Friday, February 7, 2014

PERSI 3.0 with Curt Witcher at RootsTech

Friday I attended PERSI 3.0: The Next Generation of the Periodical Source Index led by Curt Witcher, who you may know from his awesomeness at the Allen County Public Library.

PERSI is a great genealogical resource. Recently, it got a new address and some new life breathed into it. For these reasons, I was curious to see the latest PERSI news.

Witcher started by describing the types of periodicals in the index. In this case, periodicals do not include newspapers. Those are serials. Periodicals in PERSI are genealogical journals and publications. They may focus on a certain place, historical era, surname, ethnicity or something else.

Much of the good information found in these articles is missed because the people that are interested in them aren't subscribers of these journals or part of the geographical area. Witcher calls these "orphan articles." He gave an example of an article about the history of a town in Indiana....but it was featured in an Idaho genealogical society journal. How would one ever find out about it if they weren't part of the Idaho society? That's where PERSI comes in.

PERSI is indexed by humans who are information professionals who know about genealogy. This means you'll get excellent, quality results when you search the index. Do you get that same quality in Google Books? Not usually.

When you search PERSI and find an article of interest, you can enter the title of it in WorldCat and see local repositories near you that hold the item.

Where can you get this magical PERSI? It's been around for a while, but hadn't been updated with new items for a few years.
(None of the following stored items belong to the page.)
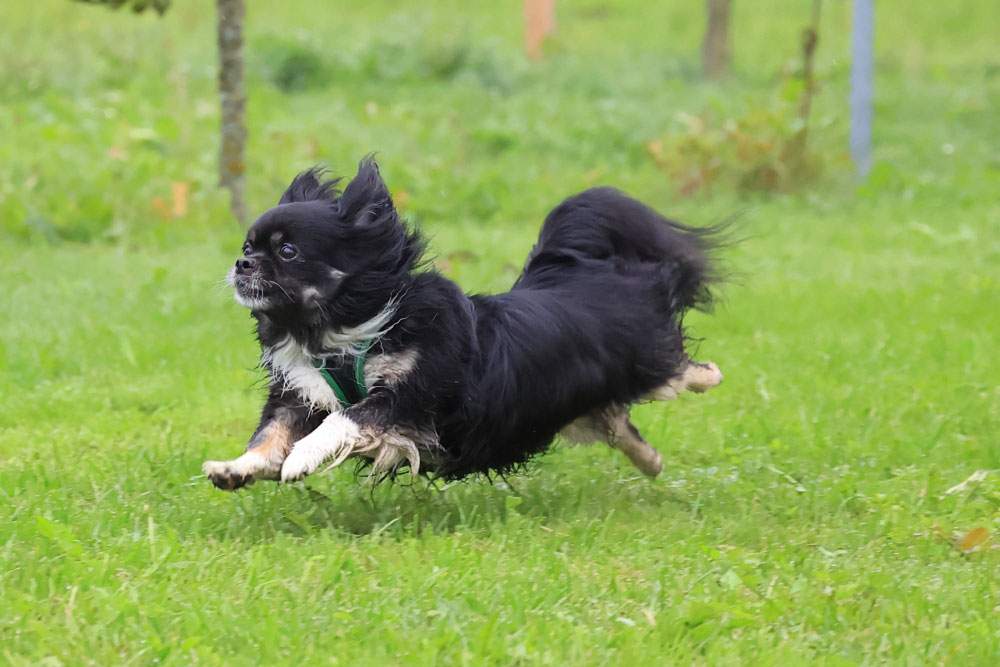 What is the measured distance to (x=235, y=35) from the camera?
8852 mm

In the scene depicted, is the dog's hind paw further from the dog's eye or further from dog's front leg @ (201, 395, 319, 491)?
the dog's eye

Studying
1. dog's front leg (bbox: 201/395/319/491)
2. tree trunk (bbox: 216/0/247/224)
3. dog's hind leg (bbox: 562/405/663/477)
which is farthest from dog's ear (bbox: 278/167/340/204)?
tree trunk (bbox: 216/0/247/224)

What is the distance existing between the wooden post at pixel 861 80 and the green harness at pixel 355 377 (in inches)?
346

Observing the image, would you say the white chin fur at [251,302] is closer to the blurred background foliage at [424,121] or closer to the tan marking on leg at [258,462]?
the tan marking on leg at [258,462]

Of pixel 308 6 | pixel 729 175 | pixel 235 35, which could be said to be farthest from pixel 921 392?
pixel 308 6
Now PERSI is available through findmypast. Yes, you do need to be a subscriber. There is an older version of the PERSI index available at HeritageQuest, but it doesn't have recent updates or all the things that are being added at a rapid pace by findmypast.

Wouldn't it be great if you could access findmypast through your library? They are working toward a library edition right now.

Here's more about the PERSI move to findmypast.

This was a great RootsTech session. I'm glad I attended. I tweeted it heavily. Thanks to all who responded.